The one thing all great restaurants are is consistent. Every plate of the same dish should taste the same, and every time you return, the experience should be exactly the same. That doesn’t happen by chance. It happens because the chef leads the team and gives them the tools they need to perform. The recipes are written down and followed. That includes the recipe for more than the food. It’s how food is plated. It’s the vision of what the business is and how it will operate. It’s a shared sense of mission. It’s not kicking people in the butt and making them do a particular task.

There are very few work environments that are hotter or more stressed than a restaurant kitchen during peak service hours yet the best crews seem to ignore the environment and focus on the mission. Each member of the team understands their role and how it fits into the bigger whole and is committed to performing that role at a high standard.

Everything I’ve written above applies to your business too.
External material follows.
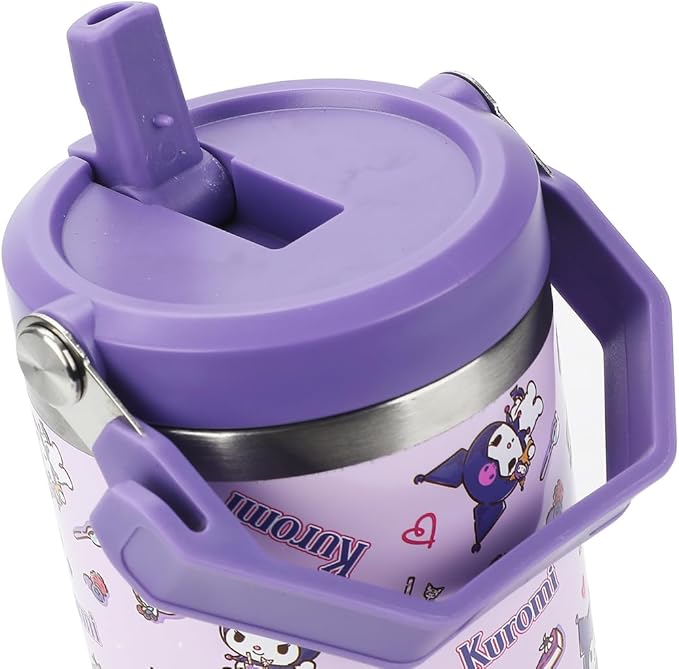 Bioworld Kuromi Purple All-Over Print 40 Oz Stainless Steel Tumbler With Handle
OK, maybe not the uncomfortable, hot working conditions, but certainly the need to stop pushing people and to start leading them. If you ask multiple staff members to explain the main goals of your business and get very different answers, you have a problem. If each person can’t explain how their role fits into achieving that mission, you’re on the road to disgruntled employees and to failure. If the standards and recipes – how your business operates and how success and failure are measured – aren’t written down and clear to all, you might as well shut the doors now.
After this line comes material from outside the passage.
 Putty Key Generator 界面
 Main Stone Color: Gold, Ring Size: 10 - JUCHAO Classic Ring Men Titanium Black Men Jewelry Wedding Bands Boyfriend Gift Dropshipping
If things go badly, maybe it’s not the fault of the person who screwed up. Maybe they were told to salt the food without any amount stated. Since each palate is different, it’s unlikely two people will salt the dish the same. Maybe you asked for an analysis of some data without explaining what questions you’re trying to answer and how that question ties into the broader goals. Two analysts might answer very different questions, making the analysis terrific or useless. Communication and teamwork; pulling, not pushing. That’s how great kitchens operate. Shouldn’t your business operate that way too?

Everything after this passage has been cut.